Oh Noooooooooooooooooo!
But, still, thanks George for the 'heads up' on WINE.
The Microsoft Patch Requires Reboots
Reboots for Win2K AND XP Pro for me
-Eric
Windows 2003 server needs to reboot also
Ok, I'll correct
Could you correct it?
Fortunately I don't use wine
Actually I'd be interested in knowing what percentage of Linux/Unix desktop users and what percentage of Linux/Unix servers use wine or have it installed. Certainly there's little if any reason for servers to install it, and that's most of your installations right there.
I don't
Just drink it occasionally.
ah hem.
I don't do Linux wine
No Wine Here
Really with Gnome Office, KOffice, OpenOffice all having MS Office compatibility filters the only reason why I can see to use Wine is for games and for making SWF mostly for creating software demos/slideshows/documentation...
After they ported Wink http://www.debugmode.com/wink/ and added the SWF export from OO Presentations I have had almost no use for Wine at all unless you have some heavily specialized apps (None of them Joe Average/Joe Above Average Workstation User would be using anyways).

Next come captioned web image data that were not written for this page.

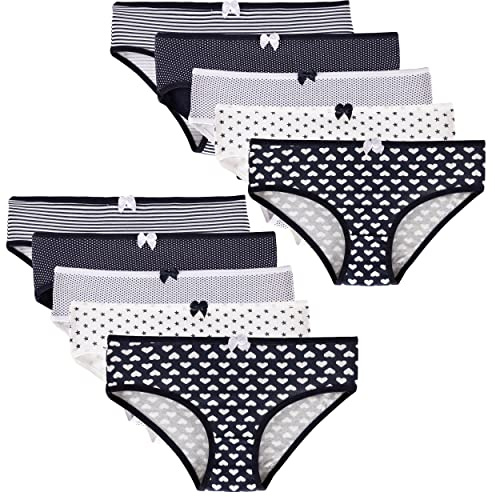 LOREZA ® 10 Pack Mädchen Baumwolle Slips Verschiedene Motive (152-158, K-0010-10 Stück)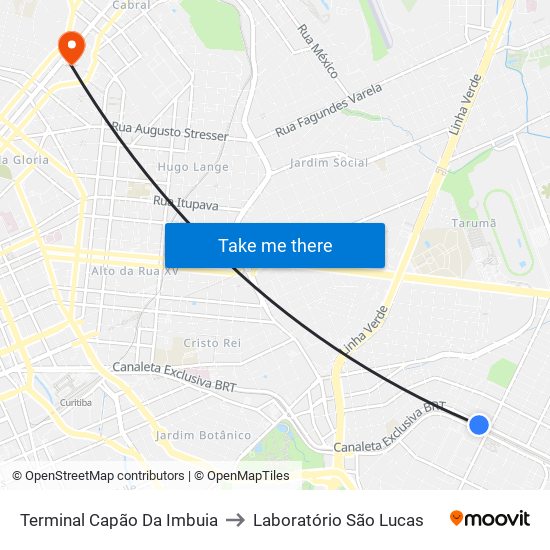 Terminal Capão Da Imbuia to Laboratório São Lucas map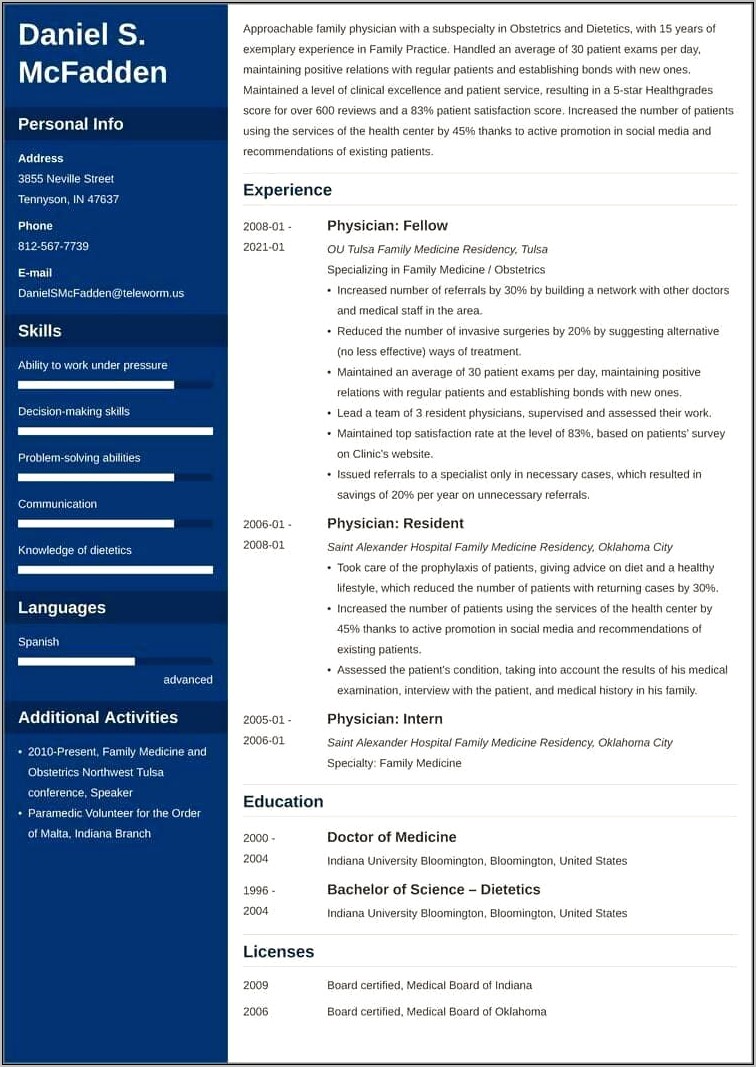 Examples Of Resumes In Family Medical Field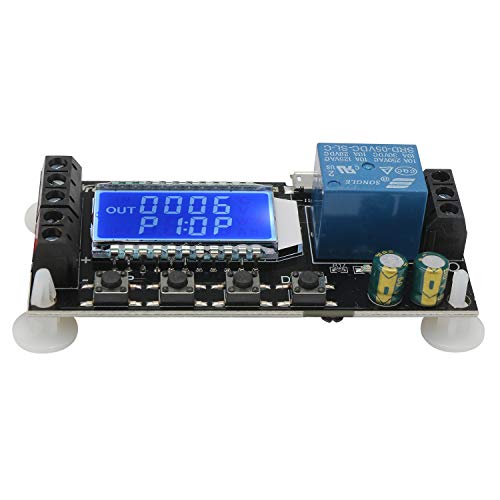 DROK Time Delay Relay, DC 5V/12V/24V Timer Relay Delay-Off Cycle 0.01s-9999mins Adjustable Trigger with LCD Display Support Micro USB 5V Input - color: Black, size: 1pcs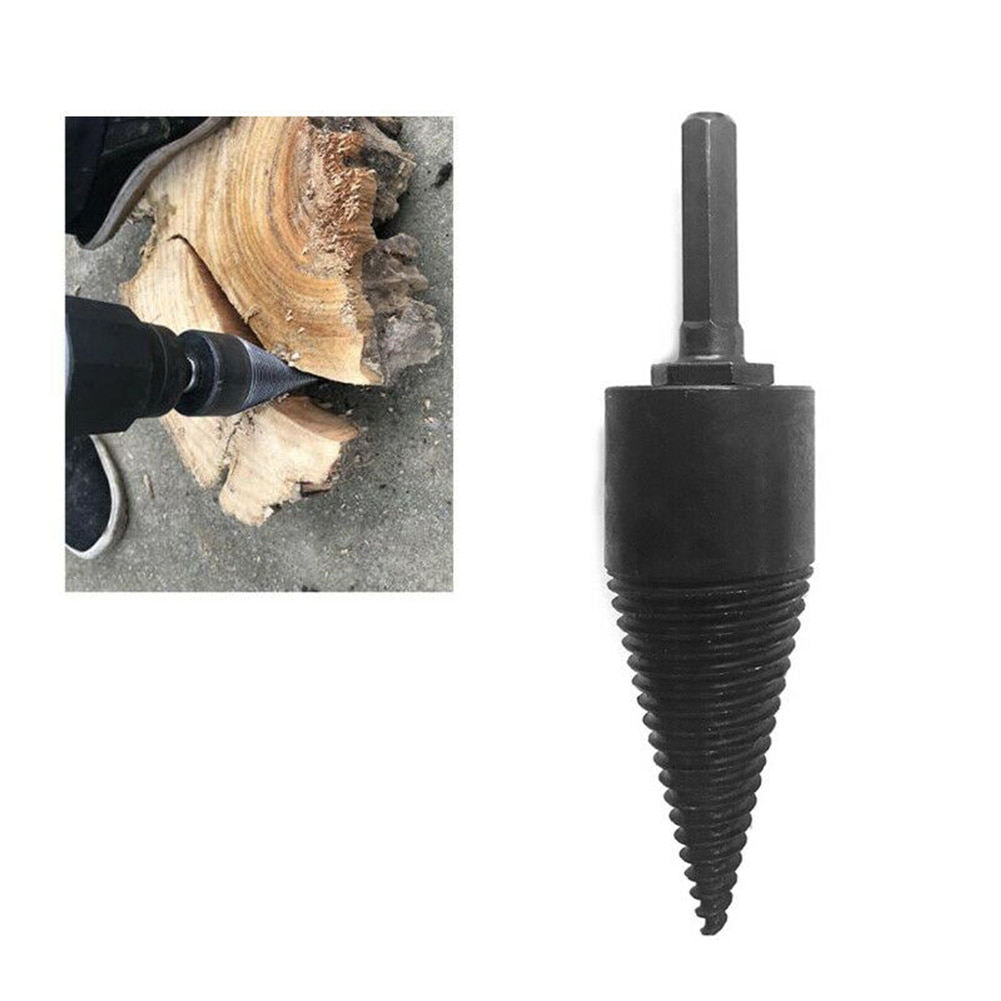 Hex Shank Fast Firewood Drill Bit Multifunction Carbon Steel Punch Tool Screw Splitting Home Wood Splitter Cutting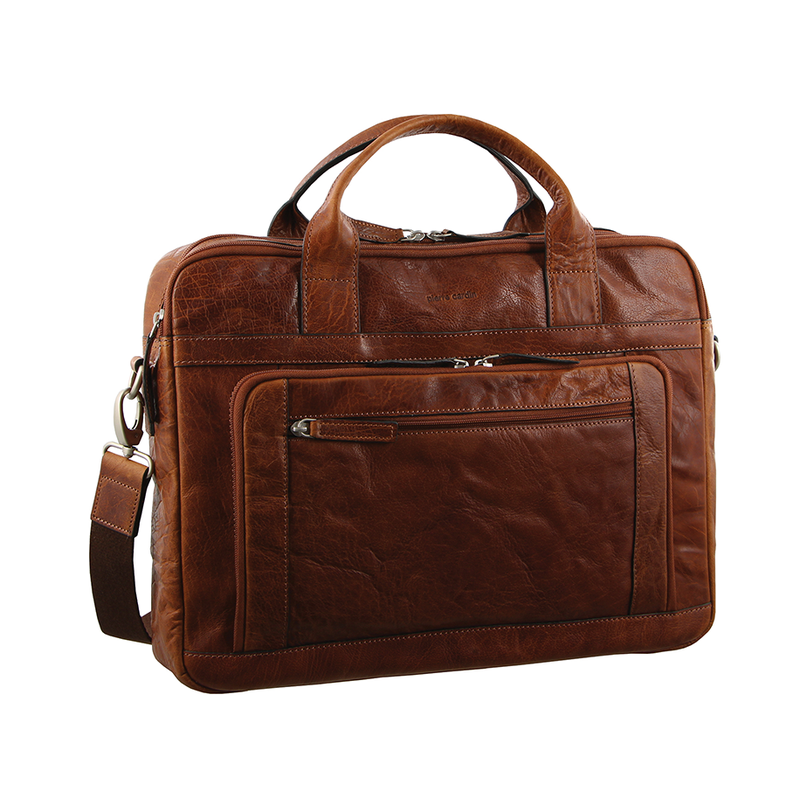 Pierre Cardin Italian Leather 15" Laptop Briefcase Bag (Chestnut)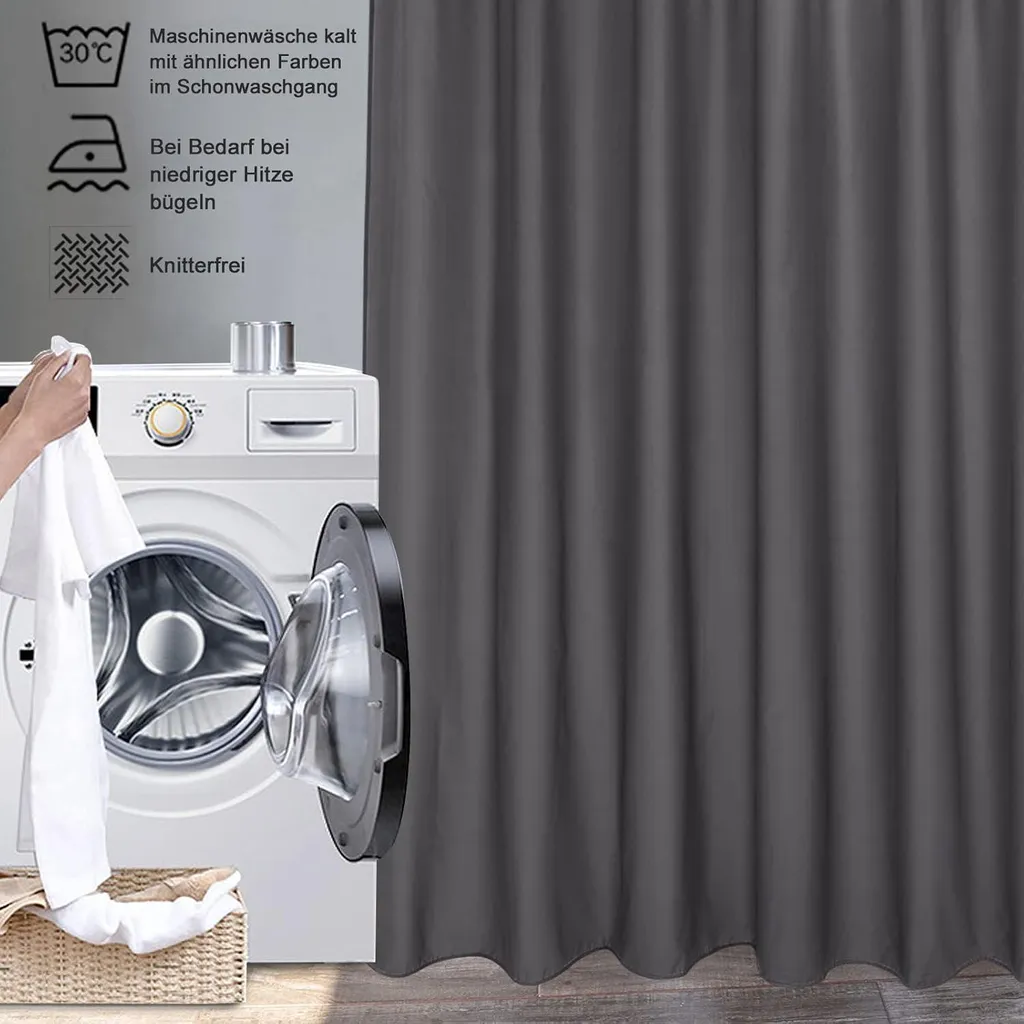 Rideau de douche 120x200 cm Gris idéal pour optimiser l'espace d'eau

On a server I can think of no reason at all to install it.
I don't use wine
Don't
SuSE
No wine
This topic by George Ou is without merit. There are a number of software like VMware that runs Linux and Unixes in Windows. Will he count all the so called problem with Linux(thanks to CERT) as Windows vulnerabilities.
George, can you demonstrate with real life situation how WMF problem affects Linux. I think it is a furphy.